La vida de los pobladores era muy dura. Los caminos eran intransitables los días de lluvia; el calor, el viento y la arenisca eran insoportables en verano y el frío de las noches de invierno no perdonaba ni al cuerpo más resistente. Favaloro comenzó a interesarse por cada uno de sus pacientes, en los que procuraba ver su alma. De esa forma pudo llegar a conocer la causa profunda de sus padecimientos.

Al poco tiempo se sumó a la clínica su hermano, Juan José, médico también. Se integró muy pronto a la comunidad por su carácter afable, su gran capacidad de trabajo y dedicación a sus pacientes. Juntos pudieron compartir la labor e intercambiar opiniones sobre los casos más complicados.

Durante los años que ambos permanecieron en Jacinto Aráuz crearon un centro asistencial y elevaron el nivel social y educacional de la región. Sentían casi como una obligación el desafío de paliar la miseria que los rodeaba.

Con la ayuda de los maestros, los representantes de las iglesias, los empleados de comercio y las comadronas, de a poco fueron logrando un cambio de actitud en la comunidad que permitió ir corrigiendo sus conductas.
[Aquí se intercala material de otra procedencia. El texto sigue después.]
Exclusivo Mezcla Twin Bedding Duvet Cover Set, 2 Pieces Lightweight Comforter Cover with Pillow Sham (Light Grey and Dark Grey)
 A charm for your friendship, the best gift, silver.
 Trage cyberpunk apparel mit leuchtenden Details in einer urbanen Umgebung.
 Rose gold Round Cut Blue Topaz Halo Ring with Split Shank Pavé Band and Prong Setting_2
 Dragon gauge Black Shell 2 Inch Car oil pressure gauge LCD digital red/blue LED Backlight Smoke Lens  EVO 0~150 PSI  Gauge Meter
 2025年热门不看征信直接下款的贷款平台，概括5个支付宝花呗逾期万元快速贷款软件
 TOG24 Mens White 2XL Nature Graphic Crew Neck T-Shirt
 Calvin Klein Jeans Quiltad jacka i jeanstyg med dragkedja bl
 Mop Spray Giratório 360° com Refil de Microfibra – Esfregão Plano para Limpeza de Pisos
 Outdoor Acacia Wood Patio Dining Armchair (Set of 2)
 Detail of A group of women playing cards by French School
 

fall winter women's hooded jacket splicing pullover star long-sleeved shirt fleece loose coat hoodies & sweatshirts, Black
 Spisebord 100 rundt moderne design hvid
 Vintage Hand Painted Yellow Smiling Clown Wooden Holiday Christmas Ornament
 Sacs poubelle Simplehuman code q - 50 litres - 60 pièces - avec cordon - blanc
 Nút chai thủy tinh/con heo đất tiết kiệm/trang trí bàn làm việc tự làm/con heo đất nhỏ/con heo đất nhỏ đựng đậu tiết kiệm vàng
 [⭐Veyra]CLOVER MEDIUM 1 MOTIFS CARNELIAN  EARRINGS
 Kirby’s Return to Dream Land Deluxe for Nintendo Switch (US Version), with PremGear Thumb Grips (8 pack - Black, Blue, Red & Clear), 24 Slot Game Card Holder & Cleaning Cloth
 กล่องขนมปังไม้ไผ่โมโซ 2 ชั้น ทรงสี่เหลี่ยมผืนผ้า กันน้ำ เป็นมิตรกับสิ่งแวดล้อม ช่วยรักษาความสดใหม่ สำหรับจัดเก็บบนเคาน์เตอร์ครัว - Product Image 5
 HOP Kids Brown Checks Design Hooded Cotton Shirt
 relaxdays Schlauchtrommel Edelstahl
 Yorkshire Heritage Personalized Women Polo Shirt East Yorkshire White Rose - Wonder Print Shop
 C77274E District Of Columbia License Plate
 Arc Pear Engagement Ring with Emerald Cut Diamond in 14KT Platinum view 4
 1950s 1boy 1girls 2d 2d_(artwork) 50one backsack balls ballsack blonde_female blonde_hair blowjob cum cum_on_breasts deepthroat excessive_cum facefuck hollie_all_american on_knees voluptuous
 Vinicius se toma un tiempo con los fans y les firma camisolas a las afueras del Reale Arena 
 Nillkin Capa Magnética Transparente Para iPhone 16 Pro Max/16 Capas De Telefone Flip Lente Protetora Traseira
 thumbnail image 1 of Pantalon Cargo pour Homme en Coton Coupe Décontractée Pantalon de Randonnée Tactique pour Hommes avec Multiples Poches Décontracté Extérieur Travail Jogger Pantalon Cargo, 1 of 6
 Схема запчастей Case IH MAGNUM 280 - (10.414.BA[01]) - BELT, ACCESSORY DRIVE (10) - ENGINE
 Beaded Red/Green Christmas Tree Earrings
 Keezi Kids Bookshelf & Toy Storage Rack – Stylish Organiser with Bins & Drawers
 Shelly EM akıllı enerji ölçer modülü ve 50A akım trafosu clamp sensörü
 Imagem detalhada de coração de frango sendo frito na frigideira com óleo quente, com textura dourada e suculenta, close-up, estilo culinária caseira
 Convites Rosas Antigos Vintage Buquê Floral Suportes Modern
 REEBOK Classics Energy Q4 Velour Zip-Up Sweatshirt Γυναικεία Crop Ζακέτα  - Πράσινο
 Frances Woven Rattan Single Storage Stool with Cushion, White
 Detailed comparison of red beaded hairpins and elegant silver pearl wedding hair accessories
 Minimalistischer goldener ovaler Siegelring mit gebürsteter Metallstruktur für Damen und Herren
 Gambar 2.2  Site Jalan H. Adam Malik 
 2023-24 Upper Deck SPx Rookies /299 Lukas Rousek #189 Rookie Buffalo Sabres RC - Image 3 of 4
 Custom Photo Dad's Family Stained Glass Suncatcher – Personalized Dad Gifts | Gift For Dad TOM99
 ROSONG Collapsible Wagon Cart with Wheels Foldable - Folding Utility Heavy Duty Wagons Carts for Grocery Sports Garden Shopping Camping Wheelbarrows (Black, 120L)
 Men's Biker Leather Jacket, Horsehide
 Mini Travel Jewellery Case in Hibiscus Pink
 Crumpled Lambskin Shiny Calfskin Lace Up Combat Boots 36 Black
Así, lograron que casi desapareciera la mortalidad infantil de la zona, redujeron las infecciones en los partos y la desnutrición, organizaron un banco de sangre viviente con donantes que estaban disponibles cada vez que los necesitaban y realizaron charlas comunitarias en las que brindaban pautas para el cuidado de la salud.

El centro asistencial creció y cobró notoriedad en la zona. En alguna oportunidad Favaloro reflexionó sobre las razones de ese éxito. Sabía que habían procedido con honestidad y con la convicción de que el acto médico “debe estar rodeado de dignidad, igualdad, piedad cristiana, sacrificio, abnegación y renunciamiento” de acuerdo con la formación profesional y humanística que habían recibido en la Universidad Nacional de La Plata.